Diffbot offers several APIs for automatic extraction of content from third party websites. The content is returned as structured JSON or, in some cases, CSV, and is ready to be imported into your local database for further processing.
Through machine learning and its ability to improve over time, Diffbot excels in recognizing various types of content in several dozen human languages.
Please consult the following list of available APIs and their brief descriptions to recognize the use case you're interested in. Almost all of the APIs below can be used in tandem with out batch services and applied to a wide range of links at once.
- Product API allows you to extract information about products, including specifications, colors, availability, price, discount offers, shipping, description, reviews, and more.
- Article API allows you to extract information about news articles, blog posts, and other written content. Diffbot can recognize authors and their profile images and links, dates and locations of publication, sentiment, tags based on content, images in the article, comments, language the content is written in, and more.

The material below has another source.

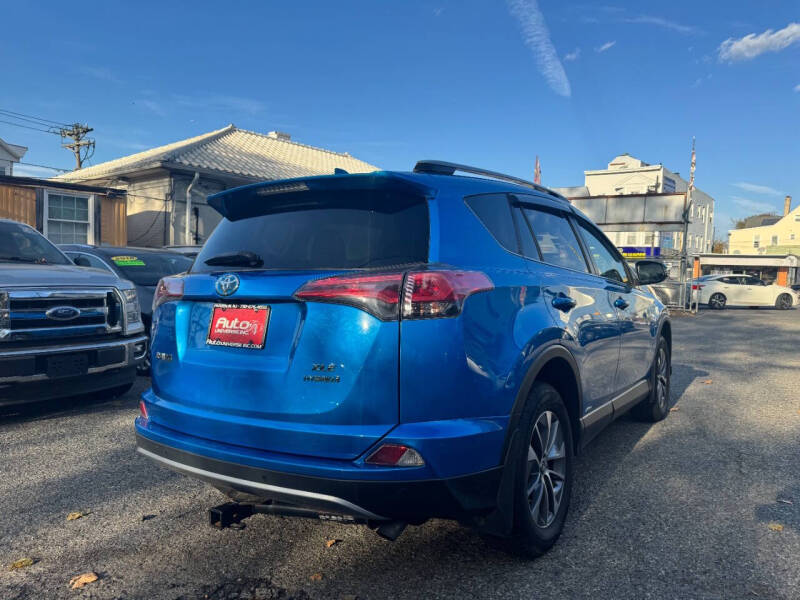 2017 Toyota RAV4 XLE photo 4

- Image API allows you to extract detailed information about images, from dimensions and download URLs to what's on the image through image recognition.
- Video API same as above, for videos.
- Discussion API is used for extracting threads of content. This can be a review section of a product (indeed, Product API uses the Discussion API internally when extracting comments to include them in the output), a forum or Reddit thread, or a comment section in a blog.

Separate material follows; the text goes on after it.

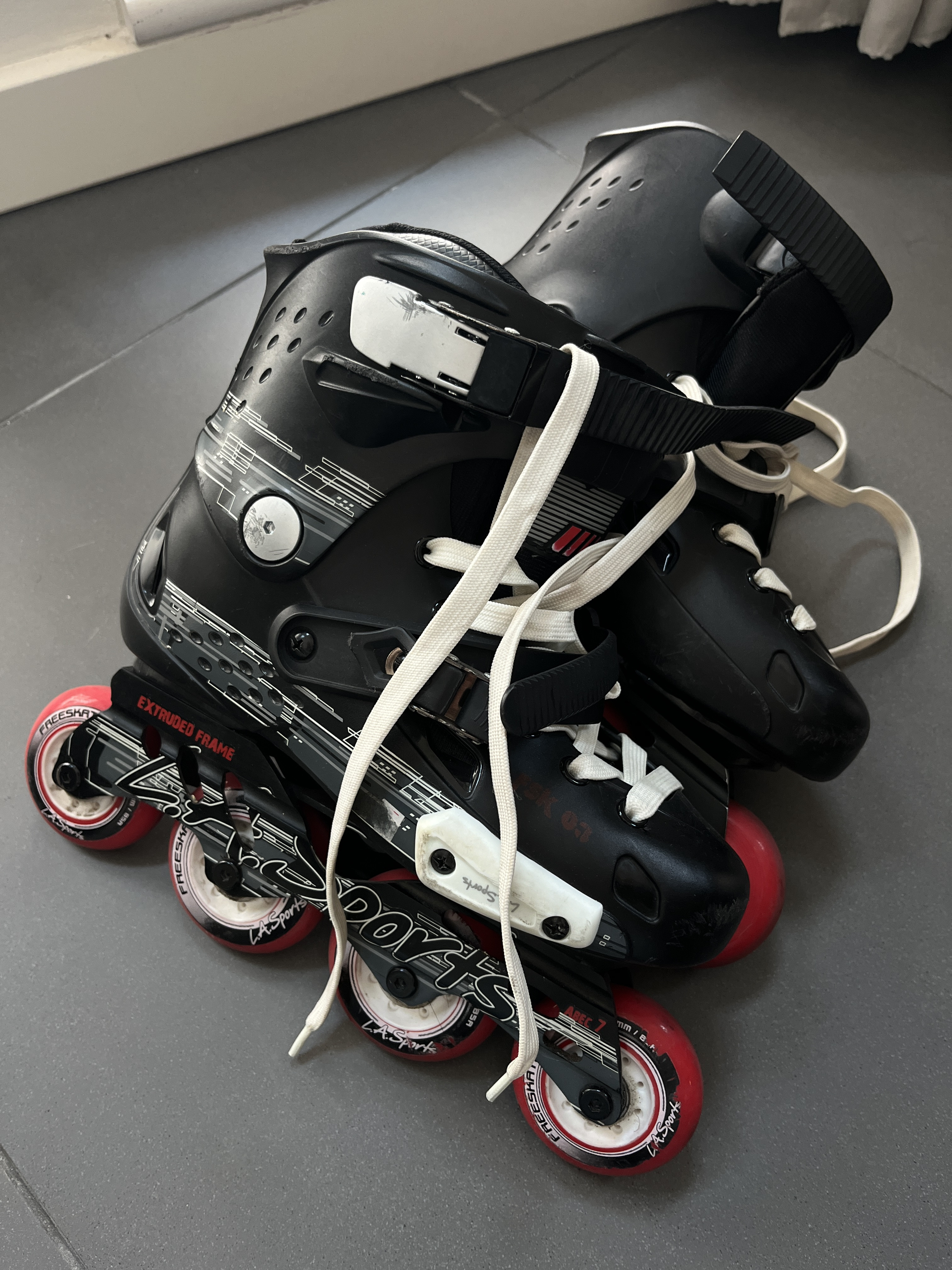 Roller Blade and safety gears - Image 2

- Analyze API can be used when you're not sure of the type of page you're trying to parse, or when you're issuing batch calls and can't specify what Diffbot will encounter across the domain being spidered. Analyze API will automatically recognize the type of content and apply one of the above APIs for processing.
- Custom API comes in when all else fails. If an Automatic API fails to recognize some content or extracts the wrong thing, it can be modified with the Custom API toolkit. Futhermore, if the page being processed is in a completely different category from any of the above APIs, a Custom API can be created from scratch specifically for that resource. Custom APIs are very powerful and worth learning about.
- Account API is an account-management API which lets you programmatically find out information about your Diffbot account. This can be account type, requests issued to Diffbot, plan and billing, list of custom rules, and more.